Cheshire Constabulary have a new recruit — hired after an employment tribunal. The police force was ruled to be discriminatory after rejecting the white, straight male during a diversity drive.
How can employers avoid the same fate when taking positive action? We look at the difference between positive action and positive discrimination, and pinpoint where the police went wrong.
A man rejected from Cheshire Constabulary for being a white, heterosexual male will join the force after it was found guilty of discrimination. The recent ruling puts the spotlight back on to this controversial case, leaving employers across the UK wondering whether their own policies are lawful.
Matthew Furlong, 25, applied for a position with the Cheshire police force almost two years ago but was rejected as the constabulary was trying to increase diversity within its ranks. Cheshire Constabulary was one of the forces criticised in 2015 for having no black officers – but, in February of this year, an employment tribunal ruled its solutions to be unlawful.
Cheshire Constabulary have since reached an out-of-court settlement with Furlong, who will start his training in September. Afterwards, the Deputy Chief Constable Julie Cooke said that the police force accepted the findings of the tribunal and “looked very carefully” at their recruitment process.
But how could they have avoided the mess in the first place?
The Equality Act 2010 says that it is lawful for an employer to act to compensate disadvantages faced by people with a protected characteristic.
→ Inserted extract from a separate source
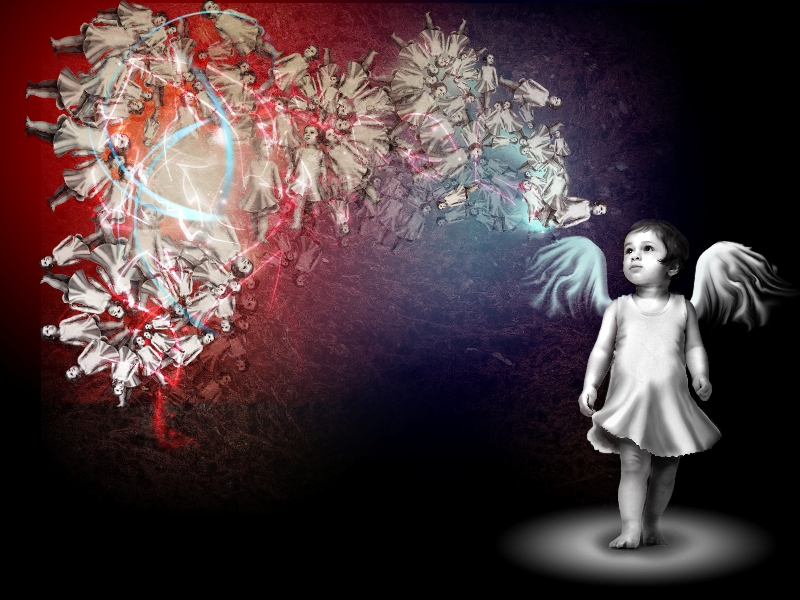 обои для рабочего стола "Ангел"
These protected characteristics are:
Positive action is acting to improve things for people in certain groups. It is lawful provided that the employer meets the conditions set out in ss.158 or 159 of the Equality Act 2010.
Positive discrimination is acting to the detriment of people not in those groups. It is unlawful.
This means that employers can’t employ applicants because of their race, sex etc. if other applicants are better qualified. They can target people in a protected group in drives, or training courses – but they can’t favour those candidates when it comes to recruitment.
Importantly, these things must be proportionate and considered on a case-by-case basis.
Back in 2017, Cheshire police chief Simon Byrne said publicly that, while the force was trying to increase diversity, the “pace of change” was slow. He expressed hope for a change in legislation that could “speed things up”. But the Home Office dismissed Byrne’s arguments, saying that introducing positive discrimination would “undermine the public’s expectation that progression in the police is based on merit alone”.
Unfortunately, it seems that the force edged over the line anyway by introducing an artificially low threshold for their recruitment process, giving applicants a simple pass or fail rather than a useful score.
The employment tribunal ruled that this was not a proportionate response to the lack of diversity within the constabulary.
If you are involved in your firm’s recruitment, you must confirm that any positive action policies don’t cross the line into discrimination. But, for a busy professional, keeping abreast of the ins-and-outs of employment law is exhausting and often impractical.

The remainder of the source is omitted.